Retype the following records exactly and exclude the pictures.
*** Opening of RECORDS PROVIDED ***
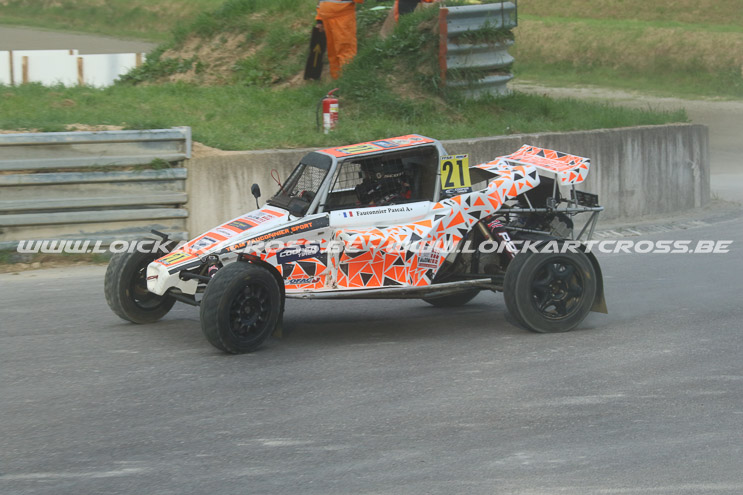 st junien 2022_0146
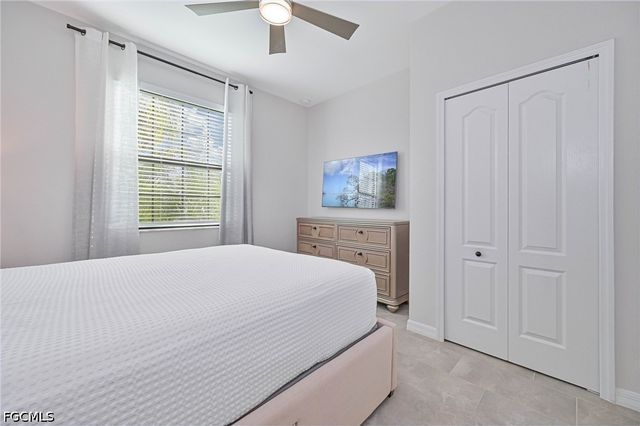 11848 Arbor Trace DR, Fort Myers, FL 33913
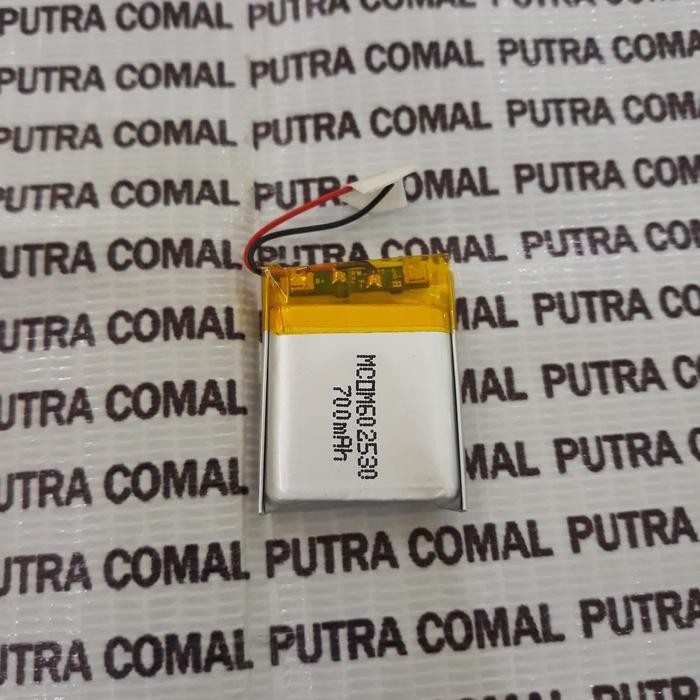 Batre Baterai Jam Tangan Anak Imo Kids Smartwatch Anti Air Q12 Q15 Z5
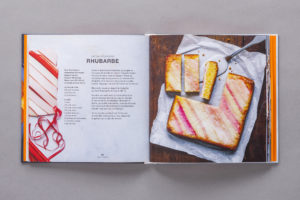 akiko_ida_book_Gateaux Renverses3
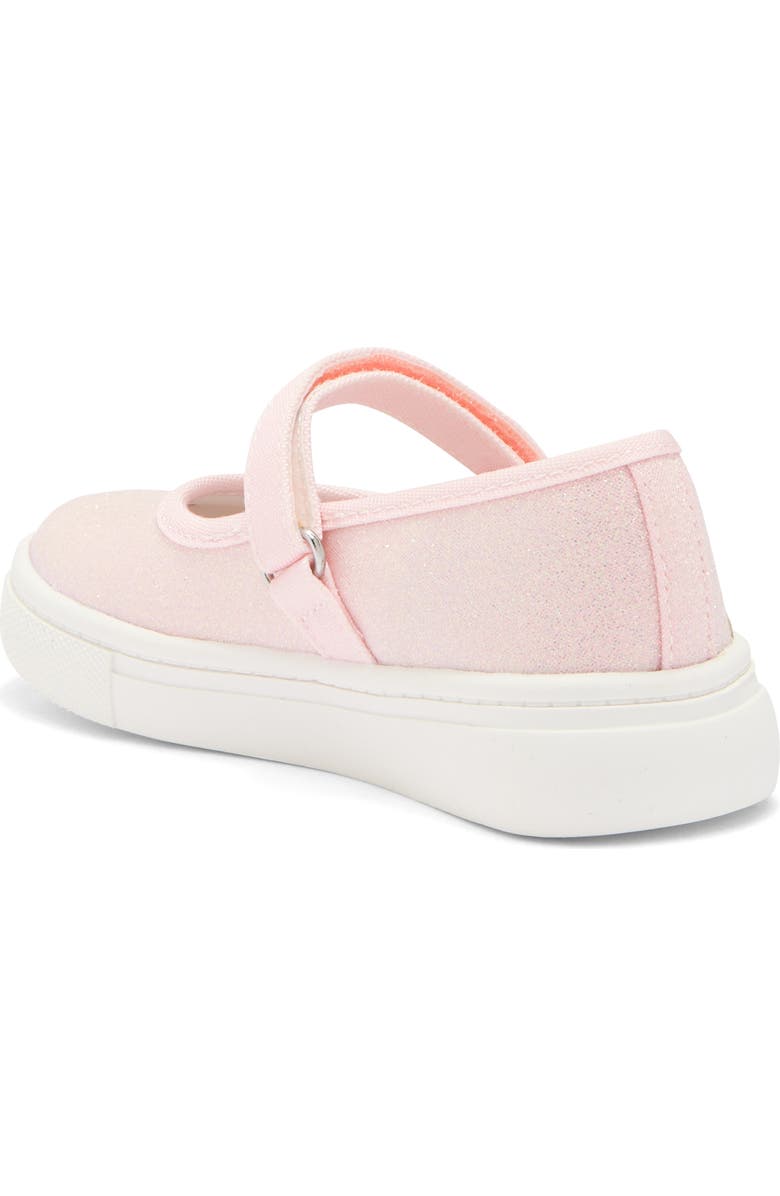 Harper Canyon Kids' Penny Play Mary Jane Flat, Alternate, color,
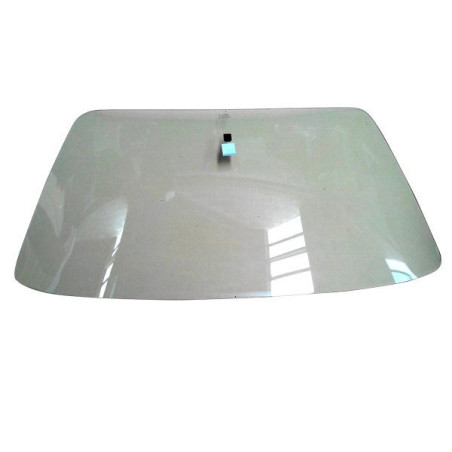 Pare-brise BELLIER xld / vx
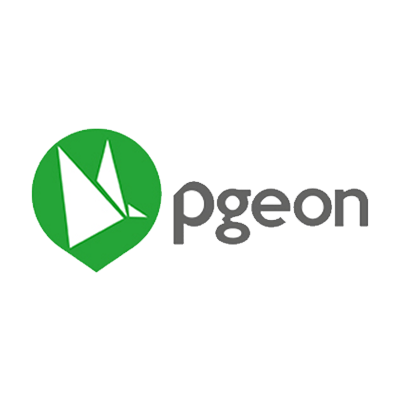 Pgeon Delivery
*** Close of RECORDS PROVIDED ***
**RESPONSE TO THE TASK**
 st junien 2022_0146
 11848 Arbor Trace DR, Fort Myers, FL 33913
 Batre Baterai Jam Tangan Anak Imo Kids Smartwatch Anti Air Q12 Q15 Z5
 akiko_ida_book_Gateaux Renverses3
 Harper Canyon Kids' Penny Play Mary Jane Flat, Alternate, color,
 Pare-brise BELLIER xld / vx
 Pgeon Delivery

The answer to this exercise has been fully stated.